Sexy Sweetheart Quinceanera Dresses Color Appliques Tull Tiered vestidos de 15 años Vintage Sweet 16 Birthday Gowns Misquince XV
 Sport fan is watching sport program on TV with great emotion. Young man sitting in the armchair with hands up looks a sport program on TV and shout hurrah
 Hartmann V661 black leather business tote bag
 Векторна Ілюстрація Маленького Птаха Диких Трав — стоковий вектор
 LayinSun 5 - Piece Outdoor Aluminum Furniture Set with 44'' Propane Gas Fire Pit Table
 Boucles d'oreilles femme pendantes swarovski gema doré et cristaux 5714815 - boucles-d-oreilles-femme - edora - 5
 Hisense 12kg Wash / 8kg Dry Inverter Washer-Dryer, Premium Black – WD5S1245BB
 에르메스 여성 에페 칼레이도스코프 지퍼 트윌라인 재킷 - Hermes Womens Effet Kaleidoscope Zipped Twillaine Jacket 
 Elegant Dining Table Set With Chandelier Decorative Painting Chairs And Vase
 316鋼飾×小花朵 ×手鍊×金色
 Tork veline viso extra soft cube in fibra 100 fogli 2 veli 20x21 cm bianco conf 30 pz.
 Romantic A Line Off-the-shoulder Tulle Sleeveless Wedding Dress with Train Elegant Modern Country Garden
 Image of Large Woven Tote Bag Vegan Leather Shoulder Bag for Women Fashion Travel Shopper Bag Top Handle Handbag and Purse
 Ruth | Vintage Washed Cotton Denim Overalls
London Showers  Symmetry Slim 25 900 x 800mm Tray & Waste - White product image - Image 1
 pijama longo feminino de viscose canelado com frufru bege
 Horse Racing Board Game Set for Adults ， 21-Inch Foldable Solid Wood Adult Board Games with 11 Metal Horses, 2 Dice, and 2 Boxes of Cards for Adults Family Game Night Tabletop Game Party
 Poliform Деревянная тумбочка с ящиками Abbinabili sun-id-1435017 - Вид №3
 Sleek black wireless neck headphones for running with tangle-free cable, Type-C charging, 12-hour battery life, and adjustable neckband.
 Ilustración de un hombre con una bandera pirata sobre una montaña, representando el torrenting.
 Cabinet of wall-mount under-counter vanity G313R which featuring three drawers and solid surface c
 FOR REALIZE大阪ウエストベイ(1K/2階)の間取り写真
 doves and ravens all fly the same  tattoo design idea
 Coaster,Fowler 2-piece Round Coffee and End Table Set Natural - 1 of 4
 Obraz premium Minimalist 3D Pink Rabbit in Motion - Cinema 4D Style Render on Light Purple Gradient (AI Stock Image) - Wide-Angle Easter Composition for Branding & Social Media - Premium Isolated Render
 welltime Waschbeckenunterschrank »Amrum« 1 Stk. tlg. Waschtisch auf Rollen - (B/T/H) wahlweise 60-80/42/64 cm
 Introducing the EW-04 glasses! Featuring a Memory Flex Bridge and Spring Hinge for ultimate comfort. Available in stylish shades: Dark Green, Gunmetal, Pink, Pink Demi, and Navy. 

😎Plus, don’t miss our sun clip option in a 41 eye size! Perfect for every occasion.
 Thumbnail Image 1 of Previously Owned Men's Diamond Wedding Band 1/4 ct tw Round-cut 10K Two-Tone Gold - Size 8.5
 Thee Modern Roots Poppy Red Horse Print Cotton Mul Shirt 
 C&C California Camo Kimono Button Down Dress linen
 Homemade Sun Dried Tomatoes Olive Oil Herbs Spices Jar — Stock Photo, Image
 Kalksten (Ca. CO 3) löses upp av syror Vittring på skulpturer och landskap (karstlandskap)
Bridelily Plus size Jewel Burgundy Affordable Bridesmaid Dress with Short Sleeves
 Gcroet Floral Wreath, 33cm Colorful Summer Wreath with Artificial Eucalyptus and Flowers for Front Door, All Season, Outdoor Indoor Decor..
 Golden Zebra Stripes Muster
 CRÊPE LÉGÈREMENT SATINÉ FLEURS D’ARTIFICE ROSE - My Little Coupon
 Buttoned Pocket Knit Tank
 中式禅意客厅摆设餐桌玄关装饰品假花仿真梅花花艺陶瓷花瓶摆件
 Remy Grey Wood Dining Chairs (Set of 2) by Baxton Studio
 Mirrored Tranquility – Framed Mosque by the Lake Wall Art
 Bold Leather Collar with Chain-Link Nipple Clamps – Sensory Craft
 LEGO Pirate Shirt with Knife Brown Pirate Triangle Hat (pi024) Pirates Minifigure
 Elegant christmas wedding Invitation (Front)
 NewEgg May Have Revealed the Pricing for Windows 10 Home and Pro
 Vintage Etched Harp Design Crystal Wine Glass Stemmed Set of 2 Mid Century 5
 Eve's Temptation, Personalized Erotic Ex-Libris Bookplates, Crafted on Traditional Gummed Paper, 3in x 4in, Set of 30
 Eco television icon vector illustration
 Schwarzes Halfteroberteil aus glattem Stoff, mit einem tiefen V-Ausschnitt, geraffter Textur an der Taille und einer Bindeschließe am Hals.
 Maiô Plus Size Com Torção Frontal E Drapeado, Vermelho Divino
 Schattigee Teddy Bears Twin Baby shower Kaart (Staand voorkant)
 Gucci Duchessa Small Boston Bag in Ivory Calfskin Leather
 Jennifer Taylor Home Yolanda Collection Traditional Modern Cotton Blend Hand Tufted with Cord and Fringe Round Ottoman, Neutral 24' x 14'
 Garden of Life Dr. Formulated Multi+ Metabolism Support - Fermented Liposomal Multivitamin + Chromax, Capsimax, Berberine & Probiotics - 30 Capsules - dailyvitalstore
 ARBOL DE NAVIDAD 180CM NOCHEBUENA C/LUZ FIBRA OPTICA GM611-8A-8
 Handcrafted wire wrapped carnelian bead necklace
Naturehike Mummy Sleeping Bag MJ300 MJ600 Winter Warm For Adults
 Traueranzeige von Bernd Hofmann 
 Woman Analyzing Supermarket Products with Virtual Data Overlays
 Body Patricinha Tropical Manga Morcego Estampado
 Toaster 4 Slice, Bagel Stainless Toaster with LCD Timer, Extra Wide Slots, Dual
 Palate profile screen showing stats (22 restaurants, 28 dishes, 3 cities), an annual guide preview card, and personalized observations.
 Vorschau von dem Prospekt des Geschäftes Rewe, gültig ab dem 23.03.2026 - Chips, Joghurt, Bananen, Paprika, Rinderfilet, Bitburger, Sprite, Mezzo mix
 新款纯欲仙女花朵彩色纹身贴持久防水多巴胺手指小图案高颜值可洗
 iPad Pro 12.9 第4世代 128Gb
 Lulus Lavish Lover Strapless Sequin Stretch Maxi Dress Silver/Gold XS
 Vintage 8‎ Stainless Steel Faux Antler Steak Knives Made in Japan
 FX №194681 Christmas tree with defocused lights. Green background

────────────────

EXERCISE
All of the records need to be returned exactly as they are.

ANSWER TO THE PROBLEM
Sexy Sweetheart Quinceanera Dresses Color Appliques Tull Tiered vestidos de 15 años Vintage Sweet 16 Birthday Gowns Misquince XV
 Sport fan is watching sport program on TV with great emotion. Young man sitting in the armchair with hands up looks a sport program on TV and shout hurrah
 Hartmann V661 black leather business tote bag
 Векторна Ілюстрація Маленького Птаха Диких Трав — стоковий вектор
 LayinSun 5 - Piece Outdoor Aluminum Furniture Set with 44'' Propane Gas Fire Pit Table
 Boucles d'oreilles femme pendantes swarovski gema doré et cristaux 5714815 - boucles-d-oreilles-femme - edora - 5
 Hisense 12kg Wash / 8kg Dry Inverter Washer-Dryer, Premium Black – WD5S1245BB
 에르메스 여성 에페 칼레이도스코프 지퍼 트윌라인 재킷 - Hermes Womens Effet Kaleidoscope Zipped Twillaine Jacket 
 Elegant Dining Table Set With Chandelier Decorative Painting Chairs And Vase
 316鋼飾×小花朵 ×手鍊×金色
 Tork veline viso extra soft cube in fibra 100 fogli 2 veli 20x21 cm bianco conf 30 pz.
 Romantic A Line Off-the-shoulder Tulle Sleeveless Wedding Dress with Train Elegant Modern Country Garden
 Image of Large Woven Tote Bag Vegan Leather Shoulder Bag for Women Fashion Travel Shopper Bag Top Handle Handbag and Purse
 Ruth | Vintage Washed Cotton Denim Overalls
London Showers  Symmetry Slim 25 900 x 800mm Tray & Waste - White product image - Image 1
 pijama longo feminino de viscose canelado com frufru bege
 Horse Racing Board Game Set for Adults ， 21-Inch Foldable Solid Wood Adult Board Games with 11 Metal Horses, 2 Dice, and 2 Boxes of Cards for Adults Family Game Night Tabletop Game Party
 Poliform Деревянная тумбочка с ящиками Abbinabili sun-id-1435017 - Вид №3
 Sleek black wireless neck headphones for running with tangle-free cable, Type-C charging, 12-hour battery life, and adjustable neckband.
 Ilustración de un hombre con una bandera pirata sobre una montaña, representando el torrenting.
 Cabinet of wall-mount under-counter vanity G313R which featuring three drawers and solid surface c
 FOR REALIZE大阪ウエストベイ(1K/2階)の間取り写真
 doves and ravens all fly the same  tattoo design idea
 Coaster,Fowler 2-piece Round Coffee and End Table Set Natural - 1 of 4
 Obraz premium Minimalist 3D Pink Rabbit in Motion - Cinema 4D Style Render on Light Purple Gradient (AI Stock Image) - Wide-Angle Easter Composition for Branding & Social Media - Premium Isolated Render
 welltime Waschbeckenunterschrank »Amrum« 1 Stk. tlg. Waschtisch auf Rollen - (B/T/H) wahlweise 60-80/42/64 cm
 Introducing the EW-04 glasses! Featuring a Memory Flex Bridge and Spring Hinge for ultimate comfort. Available in stylish shades: Dark Green, Gunmetal, Pink, Pink Demi, and Navy. 

😎Plus, don’t miss our sun clip option in a 41 eye size! Perfect for every occasion.
 Thumbnail Image 1 of Previously Owned Men's Diamond Wedding Band 1/4 ct tw Round-cut 10K Two-Tone Gold - Size 8.5
 Thee Modern Roots Poppy Red Horse Print Cotton Mul Shirt 
 C&C California Camo Kimono Button Down Dress linen
 Homemade Sun Dried Tomatoes Olive Oil Herbs Spices Jar — Stock Photo, Image
 Kalksten (Ca. CO 3) löses upp av syror Vittring på skulpturer och landskap (karstlandskap)
Bridelily Plus size Jewel Burgundy Affordable Bridesmaid Dress with Short Sleeves
 Gcroet Floral Wreath, 33cm Colorful Summer Wreath with Artificial Eucalyptus and Flowers for Front Door, All Season, Outdoor Indoor Decor..
 Golden Zebra Stripes Muster
 CRÊPE LÉGÈREMENT SATINÉ FLEURS D’ARTIFICE ROSE - My Little Coupon
 Buttoned Pocket Knit Tank
 中式禅意客厅摆设餐桌玄关装饰品假花仿真梅花花艺陶瓷花瓶摆件
 Remy Grey Wood Dining Chairs (Set of 2) by Baxton Studio
 Mirrored Tranquility – Framed Mosque by the Lake Wall Art
 Bold Leather Collar with Chain-Link Nipple Clamps – Sensory Craft
 LEGO Pirate Shirt with Knife Brown Pirate Triangle Hat (pi024) Pirates Minifigure
 Elegant christmas wedding Invitation (Front)
 NewEgg May Have Revealed the Pricing for Windows 10 Home and Pro
 Vintage Etched Harp Design Crystal Wine Glass Stemmed Set of 2 Mid Century 5
 Eve's Temptation, Personalized Erotic Ex-Libris Bookplates, Crafted on Traditional Gummed Paper, 3in x 4in, Set of 30
 Eco television icon vector illustration
 Schwarzes Halfteroberteil aus glattem Stoff, mit einem tiefen V-Ausschnitt, geraffter Textur an der Taille und einer Bindeschließe am Hals.
 Maiô Plus Size Com Torção Frontal E Drapeado, Vermelho Divino
 Schattigee Teddy Bears Twin Baby shower Kaart (Staand voorkant)
 Gucci Duchessa Small Boston Bag in Ivory Calfskin Leather
 Jennifer Taylor Home Yolanda Collection Traditional Modern Cotton Blend Hand Tufted with Cord and Fringe Round Ottoman, Neutral 24' x 14'
 Garden of Life Dr. Formulated Multi+ Metabolism Support - Fermented Liposomal Multivitamin + Chromax, Capsimax, Berberine & Probiotics - 30 Capsules - dailyvitalstore
 ARBOL DE NAVIDAD 180CM NOCHEBUENA C/LUZ FIBRA OPTICA GM611-8A-8
 Handcrafted wire wrapped carnelian bead necklace
Naturehike Mummy Sleeping Bag MJ300 MJ600 Winter Warm For Adults
 Traueranzeige von Bernd Hofmann 
 Woman Analyzing Supermarket Products with Virtual Data Overlays
 Body Patricinha Tropical Manga Morcego Estampado
 Toaster 4 Slice, Bagel Stainless Toaster with LCD Timer, Extra Wide Slots, Dual
 Palate profile screen showing stats (22 restaurants, 28 dishes, 3 cities), an annual guide preview card, and personalized observations.
 Vorschau von dem Prospekt des Geschäftes Rewe, gültig ab dem 23.03.2026 - Chips, Joghurt, Bananen, Paprika, Rinderfilet, Bitburger, Sprite, Mezzo mix
 新款纯欲仙女花朵彩色纹身贴持久防水多巴胺手指小图案高颜值可洗
 iPad Pro 12.9 第4世代 128Gb
 Lulus Lavish Lover Strapless Sequin Stretch Maxi Dress Silver/Gold XS
 Vintage 8‎ Stainless Steel Faux Antler Steak Knives Made in Japan
 FX №194681 Christmas tree with defocused lights. Green background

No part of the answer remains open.